Já me encontrava totalmente rendido ao livro “Boston: A Mais Longa das Maratonas” (Editora Arquipélago, 2018), escrito pelo jornalista Sérgio Xavier Filho, após ter percorrido as primeiras cinquenta páginas (a sensação como corredor amador lendo o livro era, sim, a de ter percorrido páginas), quando fui apresentado à incrível história de Kathrine Switzer, a primeira mulher a participar da Maratona de Boston, em 1967, numa época em que apenas homens podiam participar de provas de rua nos EUA.

    A história de Kathrine com a corrida teve início em 1960, quando se preparava para entrar no Ensino Médio. Certo dia, decidiu contar ao pai que gostaria de se tornar cheerleader da escola, e o que obteve como resposta nunca mais saiu de sua mente e fez muito mais sentido para ela. O pai disse: “Você não quer ser uma cheerleader, torcedores torcem por outras pessoas. Você quer é que torçam por você. A vida é participar, não assistir.”

    Kathrine passou a jogar hóquei pela equipe da escola, e a corrida começou a fazer parte de seu treino como uma forma de condicionar o corpo. Em pouco tempo, se encantou pelo esporte, mas não havia na época nenhuma equipe feminina de corrida. Passou, então, a treinar em um time masculino, onde conheceu seu treinador, Arnie Briggs.

    Briggs não se cansava de contar seus feitos na Maratona de Boston, que até hoje é a mais almejada por corredores de todo o mundo. Além de ser uma das maratonas mais desafiadoras no quesito percurso, correr Boston já é em si uma consagração para o corredor amador. Não é como outras das principais provas no mundo, em que o pagamento de uma inscrição e, no máximo, a dificuldade de um sorteio sejam um obstáculo para estar lá. Boston só aceita os bons. É preciso a comprovação de ter corrido uma maratona com índices de tempos baixíssimos de acordo com a sua faixa etária. Muita gente passa uma vida perseguindo esse índice, e foi inclusive a busca dessa marca que fez o autor Sérgio Xavier escrever o livro.

    Kathrine estava decidida a correr Boston. Quando contou ao seu treinador, lhe causou um susto tremendo. Briggs disse que mulheres eram fracas e frágeis e que não poderiam correr uma maratona. A reação de Kathrine foi treinar com mais afinco, e fez seu treinador garantir que, se ela suportasse os treinos, ele correria a prova ao seu lado. Para evitar a chance de uma recusa no ato da inscrição, colocou no formulário as iniciais de seu nome, K. V. Switzer.

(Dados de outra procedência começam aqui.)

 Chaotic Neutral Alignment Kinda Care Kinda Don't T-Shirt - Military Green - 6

    Na manhã da prova, com um moletom cinza com capuz e o enorme número 261 no peito, largou sem ser importunada. Na altura do quilômetro 3, do ônibus de imprensa que trazia também o diretor da prova, Jock Semple, alguém notou que se tratava de uma mulher. Vestindo calça e gravata, Sample desceu correndo do ônibus e passou a correr atrás de Kathrine, ordenando que ela entregasse o número e se retirasse da prova. Quando já estava próximo de conseguir tocá-la, Tom Miller, seu namorado, de 115 kg, conseguiu empurrá-lo, enquanto seu treinador gritava: “Vá e corra com tudo”.

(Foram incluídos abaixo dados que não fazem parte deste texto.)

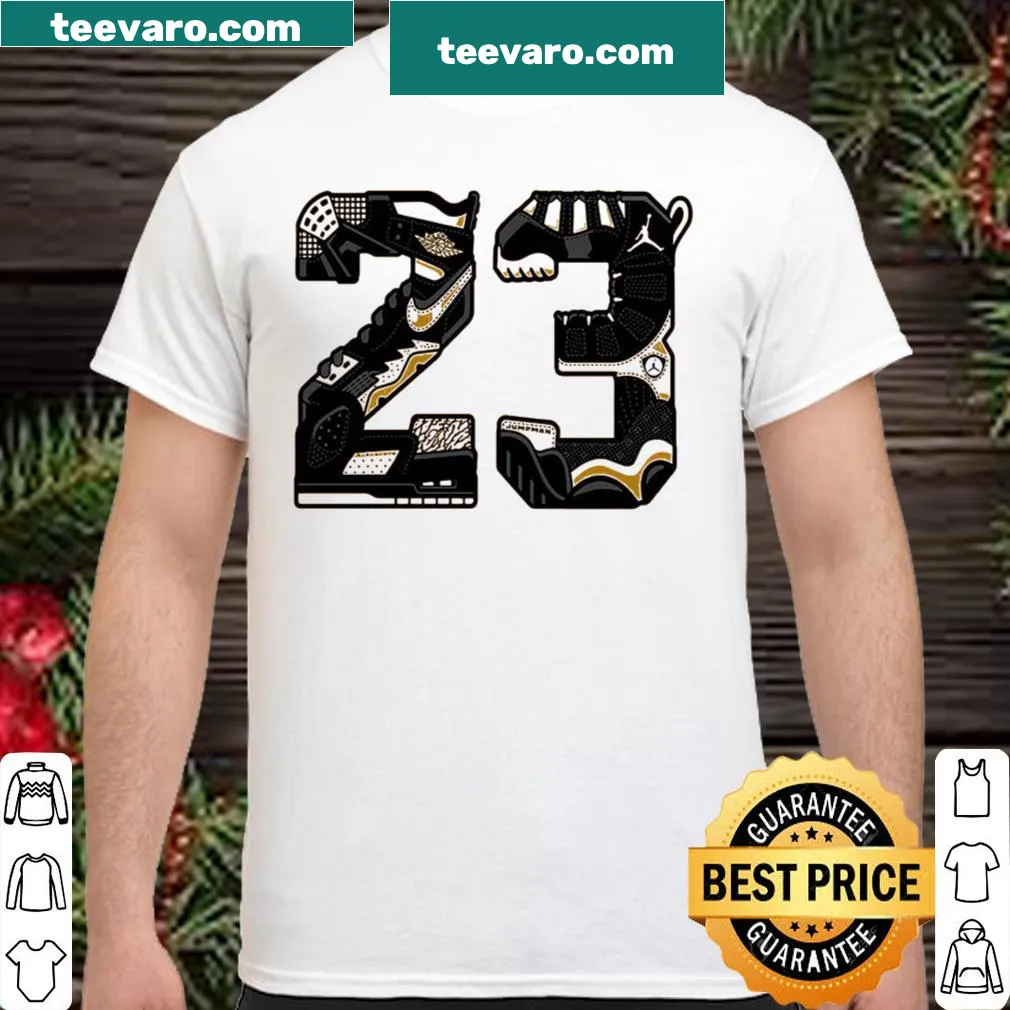 Basketball-themed shirt with '23' emblem for sneaker lovers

    Kathrine Switzer com a sua medalha após completar a 121ª Maratona de Boston, em abril de 2017. (AP Photo/Elise Amendola).

    Apenas em 1972, após o feito de Kathrine, as mulheres passaram a ser aceitas nas provas de rua dos EUA. Com mais de 35 maratonas corridas, Kathrine criou programas esportivos para mulheres em 27 países. O número 261 ainda é utilizado como um símbolo de resistência feminina nos EUA. Escreveu o livro Marathon Woman e ainda viaja o mundo promovendo corridas e caminhadas femininas. Desde 2011, integra o seleto grupo pertencente à calçada da fama das mulheres dos Estados Unidos.